In fact, California’s energy production as a whole, from all sources, is now at a 50-year low. In 2007, according to EIA data, the state’s total energy production dropped below its 1960 level of 2,630 trillion BTU, and has continued to decline. Most of the drop owes to oil production, which fell from a peak of 2,285 trillion BTU in 1985 to 1,168 trillion BTU in 2010, and to natural gas, which fell from a peak of 815 trillion BTU in 1968 to 318 trillion BTU in 2010. Non-biofuel renewable energy has only grown from 270 trillion BTU in 1960 to 692 trillion BTU in 2010, less than the post-peak loss of natural gas BTUs alone.
It’s worth noting that the opponents and critics of high speed rail, so quick to cry “boondoggle” when they see the project’s costs, never discuss this issue. It’s as if it doesn’t exist in their minds. The true boondoggle, as clearly demonstrated above, is California’s wasteful dependence on oil. Wasting $39 billion a year on buying oil, money that leaves the state never to return (unless you’re a wealthy Chevron or Oxy exec), is totally absurd. Californians might as well just light that money on fire. Hell, doing so might actually have less of a negative environmental impact than lighting oil on fire, which is what happens with what that $39 billion buys.
Californians are broadly supportive of alternative energy sources, as well they should be. Governor Jerry Brown played a key role in making California an early leader of wind power, as anyone driving through the Altamont, Tehachapi, or San Gorgonio passes knows. And yet building HSR saved the equivalent of the entire amount of electricity generated by wind power in the state:
A 2008 study by Navigant Consulting found that the California HSR could cut state oil demand by 12.7 million barrels per year through displaced air and car travel. That’s roughly two percent of the state’s 2010 oil consumption of 653 million barrels, or about 74 trillion BTU, more than the 59 trillion BTU the state produced from wind that year.
In other words, the energy savings from building the HSR system is equivalent to more than the state’s entire wind generation.
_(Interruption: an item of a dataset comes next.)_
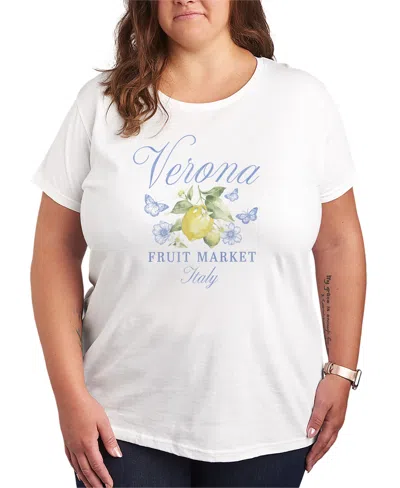 Hybrid Apparel Plus Size Short-sleeve Graphic Verona Italy Lemons Tee In White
It’s been nearly 40 years since Californians first learned of the need to develop alternative energy sources. The 1973 oil crisis was a key turning point as Californians, including a young Jerry Brown who was elected governor the next year, embraced solar and wind power. The 1979 oil crisis merely reinforced the point. The next 20 years of cheap oil prices lulled too many into complacency but many Californians never forgot and never abandoned their interest in developing sustainable energy sources. And as the price of oil began its relentless, long-term upward climb early in the ’00s, that interest grew and deepened. As Californians build more wind farms and install more solar panels, they’ve also shown a clear interest in reducing consumption as well. High speed rail, then, is a crucial element of that strategy.
Reducing the amount of oil purchased produces a green dividend that has been estimated to be as much as $10 billion a year for the state. Even if that estimate is way high, savings in the low billions or even in the hundreds of millions is still a big economic boost for a state that needs every sort of boost it can get.